Tonight's Poet Corner: Introspection

I don't know if I'm as happy as I can be right now.

Don't get me wrong - maybe it's just my mood today. Maybe it's the fact that I'm fighting a cold, worrying that I won't be able to go to the final Giants game of the season with my family and friend if I get too sick. Maybe it's just my ongoing adjustment to my new job and surroundings. Maybe I haven't been eating enough lately, or sleeping enough, or exercising enough. Maybe I haven't paced my workload well enough, or I'm just not used to getting new things piled on or changed on me even when I've finally got everything figured out. Maybe I'm just a little annoyed that my paycheck's going to be smaller than expected.

Or maybe I'm just grumpy and whiny and should just shut up and understand just how damn good I have it. I mean, I could be in a situation that's a lot worse. #firstworldproblems!

All of those things could be factors as to why I'm feeling the way I am right now. But, all the same, the statement remains true for the time being: I don't know if I'm as happy as I can be.

Trust me, there are a lot of things going super well for me. Next week is my one year wedding anniversary (eeeeeeeeee!), and I couldn't be happier. I love my wife with all of my heart and can't wait to celebrate with her after watching her kill it onstage in the city! Apart from that, I feel like I have supportive colleagues and friends, and most of my students work hard and are fun to teach. As much as I'm not doing as much writing as I had hoped, I still get to come home, relax, have dinner, and do a few activities like crosswords and reading to decompress.

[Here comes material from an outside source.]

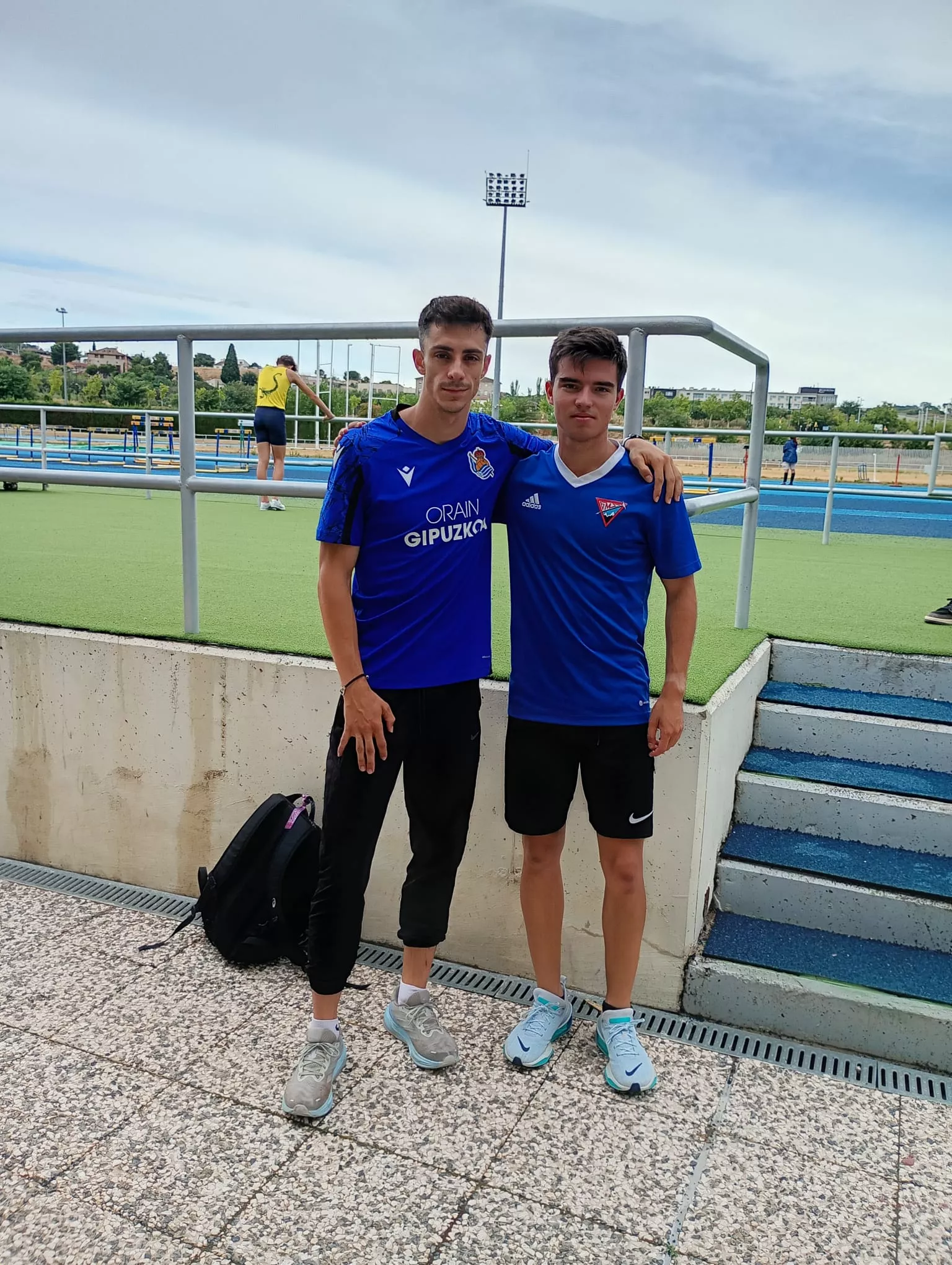 Campeonato de Aragón Sub-20. Javi Alamañac y Jorge Torre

The truth is, a lot of things are settling in my life, and it means more security, more benefits, and better health.

I just don't feel...as one hundred percent as I used to. I don't know how else to describe it. I guess I've been a lot more tired recently. Drained, mentally quitting around five o'clock because I've used up all my extroversion and brain capacity at school. It's difficult to keep up with my passions when my day job takes so much out of me. Sure, it's a day job I enjoy, but I'd like to be able to balance it a wee bit more. I guess I'll have to keep working on it - this is, after all, my first official year teaching at a public school.

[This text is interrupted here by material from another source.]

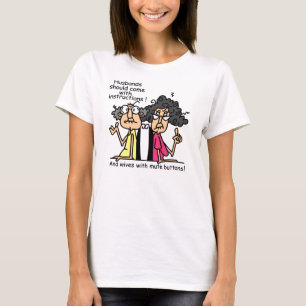 Ehemann-und Ehefrau-Haltungs-Spaß T-Shirt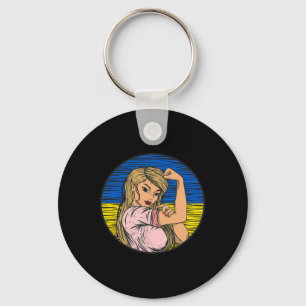 Patriotic Ukrainian Flag Ukraine Proud Ukrainian G Keychain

I know I've been trying to do this collaborative music/poetry thing with a good buddy of mine, but until he moves up to my area, I just don't have the time or energy to manage it online. I haven't touched my guitar in months. I haven't written a full novel in years. I know that I have to come to terms with the fact that I will most likely never be able to make a living off of writing alone - not unless I return to the nightmarish office environment that I failed so hard in when I was twenty-two years old. I know that teaching is something I'm good at and something I like and something that helps the community  - it's just that now, unlike my previous teaching job, it all feels like so much more.

And in many ways, it is a whole lot more. I'm fairly certain that if I weren't teaching Yearbook, over seventy-five percent of my current stress right now would be gone. I still continue questioning whether or not I am the right fit for this position. I like what I do, and I like the school, and I like my Yearbook staff, and I like my job and want to try to stay. But what if, in the end, it's not what I hoped?

And what if, in the end, that doesn't matter, and I just have to suck it up and deal with it so I can continue to pay rent and have health insurance and live a longer, presumably happier life?

I believe that, in many ways, I'm content and fulfilled. I'm contributing in ways that are significant, and I'm still catering to some of my passions at least part of the time. I want to remind myself that life is never one hundred percent great all the time. I will have to work hard, and sometimes even fail, and deal with pain and anger and grief, and I just have to push forward. Because if I do, the results and the happiness I get in the end will be worth it.

Life is not perfect. Adulthood is not easy. Some years will be more difficult than others, and I can never expect to be at peak happiness all the time. What matters is the number of moments you have in which you laugh, inspire, and create. And I think I'm living a lot of those moments in my job and with my loved ones, especially now.

I just need to remind myself that maybe that's enough.

Have a great night and a great weekend, everyone.